From the criticism of the cat/human hybrid characters to the problematic plot there was very little (aside from the epic cast list) to encourage viewers to take in and enjoy the monstrous translation of this once popular work.
2 Best: My Fair Lady – 95%
The Audrey Hepburn 1964 film, based on the 1956 Broadway show was a hit from the start. It won Best Musical at the Tonys and went on to win Best Picture at the Academy Awards as well. Audrey Hepburn, however, was only cast as Eliza Doolittle for the film version, alongside Rex Harrison.
The original Eliza, Julie Andrews, was not asked to star. This gave Andrews the chance to work on Mary Poppins and claim the Academy Award for Best Actress instead of Hepburn. Hepburn does not actually sing in the hit film. Instead, her singing is dubbed by Marni Nixon.

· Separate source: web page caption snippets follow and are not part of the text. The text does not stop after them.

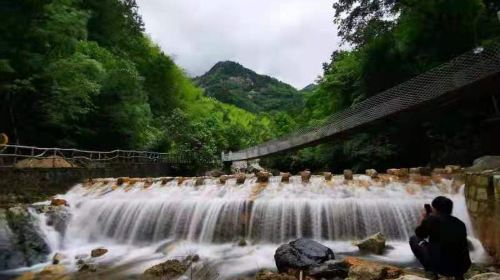 Jiulong Waterfall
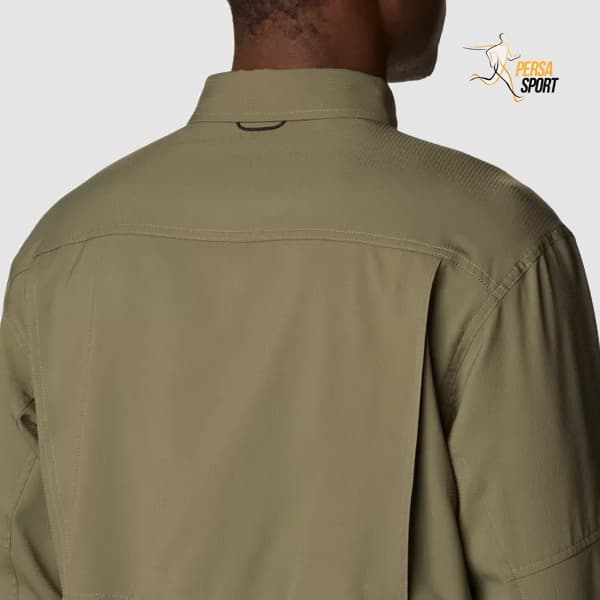 پیراهن مردانه کلمبیا Silver Ridge Utility Lite Long Sleeve — تصویر ۶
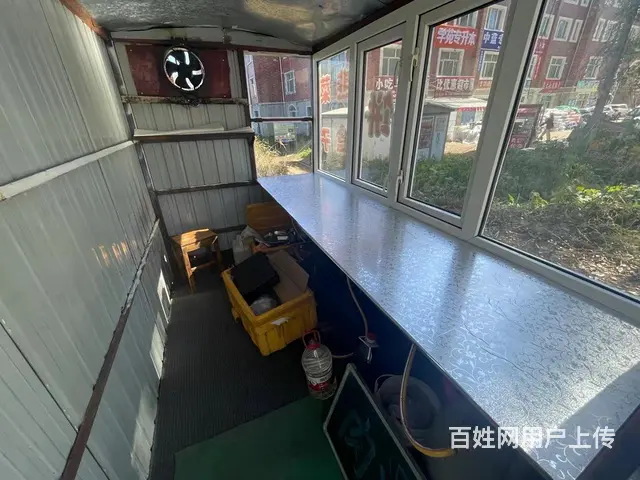 【搞定了！】拖拉式小吃车 - 图片 3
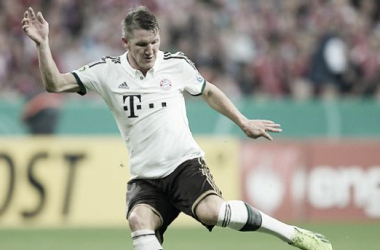 Guardiola acredita que ainda é cedo para Schweinsteiger estar entre os onze do Bayern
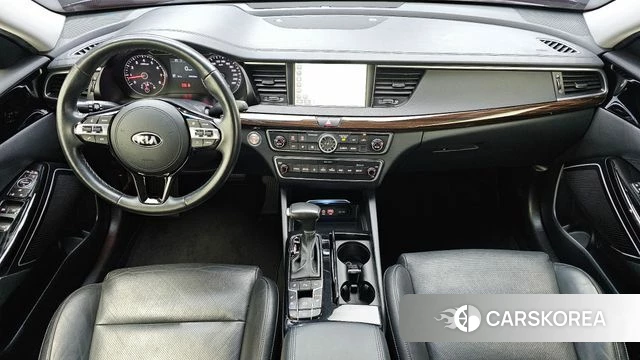 Kia Come New K7 id 4403412 из Кореи 28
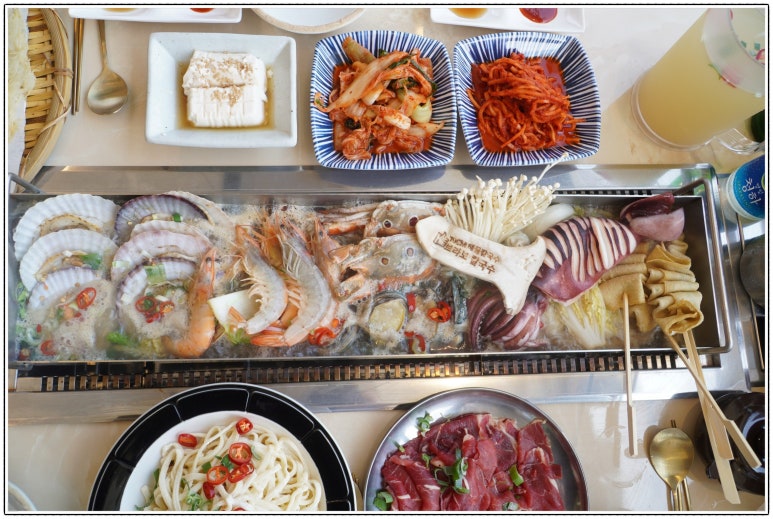 참맛칼국수 이미지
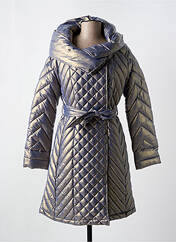 Doudoune gris TRUSSARDI JEANS pour femme seconde vue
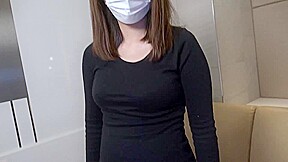 ★美人妊婦のレナさん22歳☆スタイル抜群！妊婦だけど性欲アリアリのイキまくり中出しSEX♥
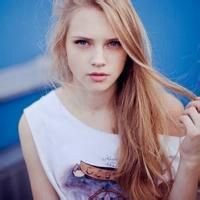 长发头像女生高冷气质范儿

1 Worst: The King and I (1999) – 13%
Yes, there is a musical movie with worse reviews than Cats. While the 1956 live-action film is still very well-loved, it was considered a good idea back in 1999 to translate the musical from the stage into a cartoon.
While the cartoon does include the classic songs from the original Broadway show, it also includes a monkey sidekick. Not every cartoon is Aladdin and not every cartoon character needs a monkey sidekick. The King and I certainly did not.